■ Task to carry out: Print, word for word, only the lines from the one with "Here we don't" down to the last line of the listing below; no pictures.

Information provided: Begin

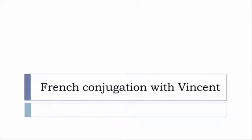Bonjour à tous and welcome to French Conjugation with Vincent. I've been deciding to make this new series of videos in which I will present you the conjugation of one verb at a specific tense.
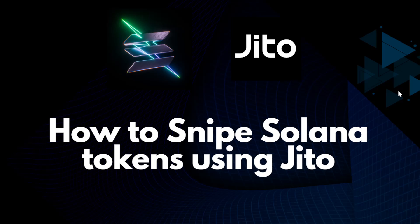Here we don't need to make bundles, but we can still take advantage of all the Jito power. This is the introduction, so we understand why we need Jito. It can let us make our transactions faster.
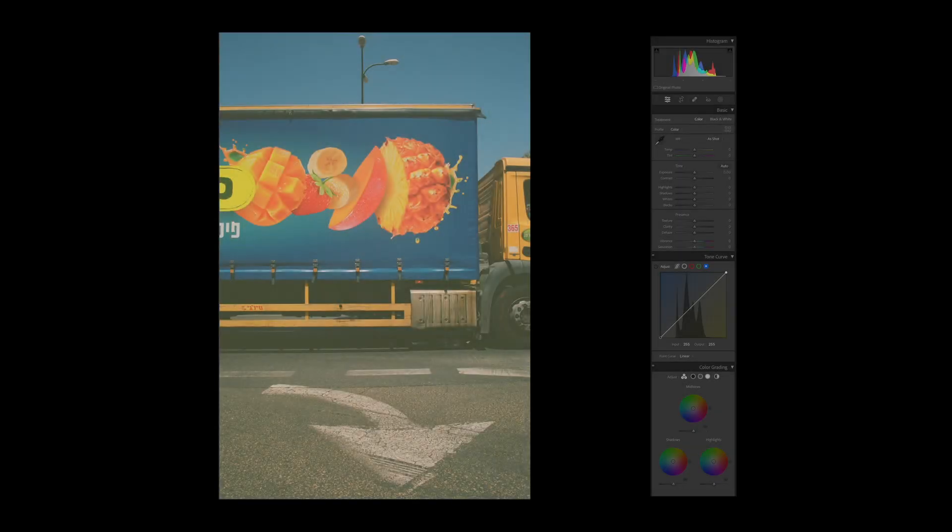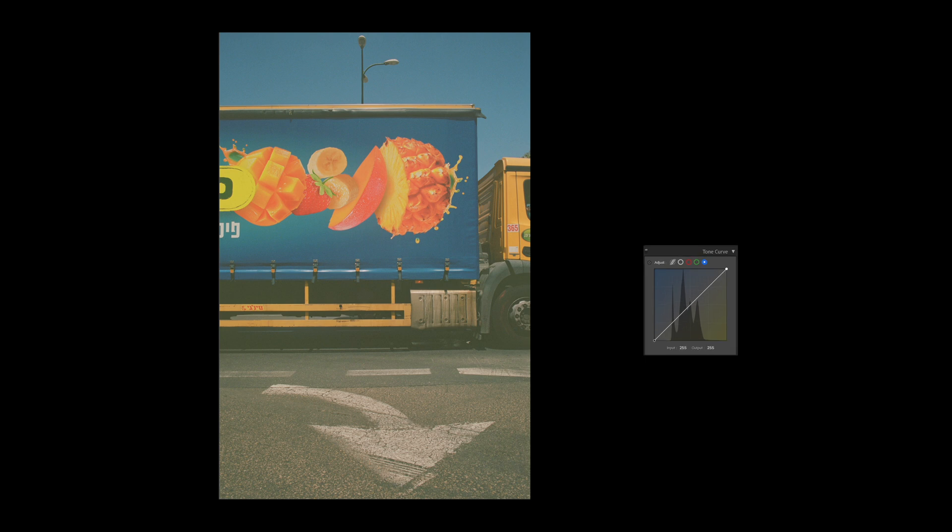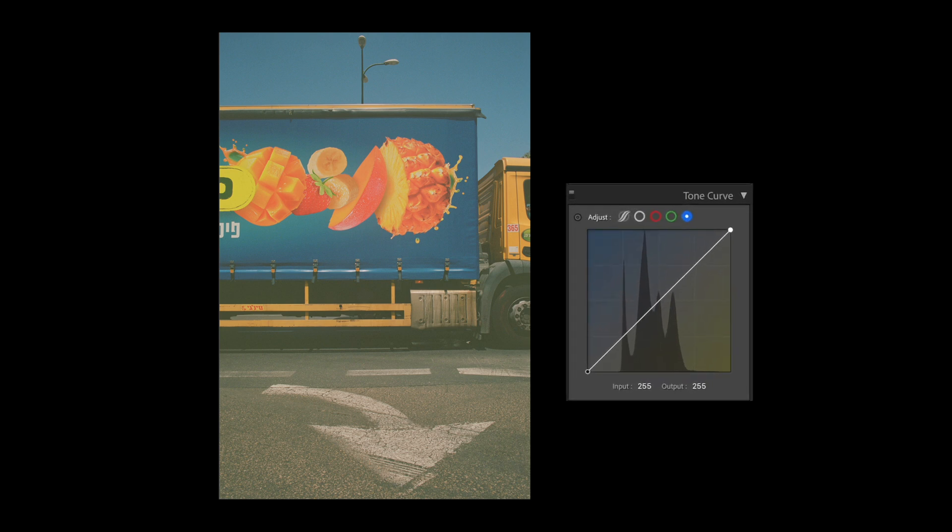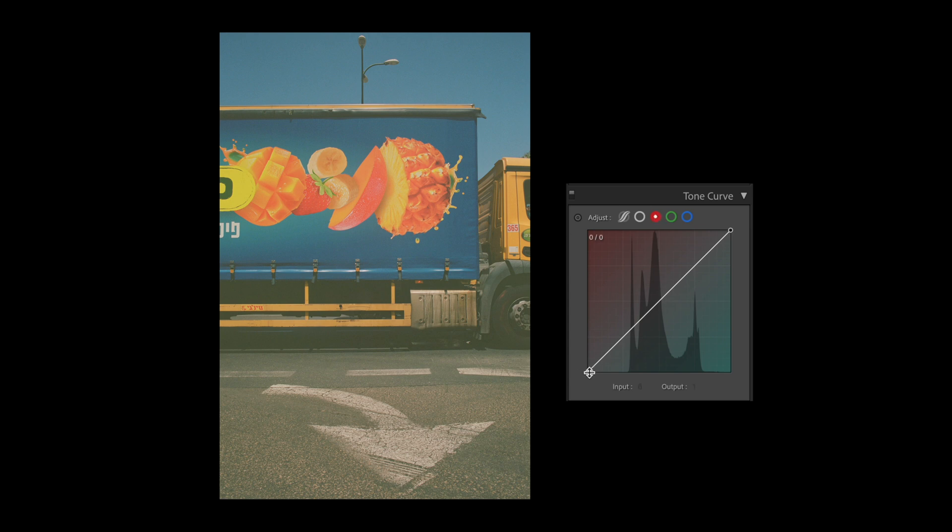When you receive your scans back from Gelatin Labs, you may notice some scans to be flatter than you expected. Since all information from your image is preserved in our TIFF files, we can use the tone curve to bring your tonality and color to the surface.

Information provided: End

■ Exercise solution:
Here we don't need to make bundles, but we can still take advantage of all the Jito power. This is the introduction, so we understand why we need Jito. It can let us make our transactions faster.
When you receive your scans back from Gelatin Labs, you may notice some scans to be flatter than you expected. Since all information from your image is preserved in our TIFF files, we can use the tone curve to bring your tonality and color to the surface.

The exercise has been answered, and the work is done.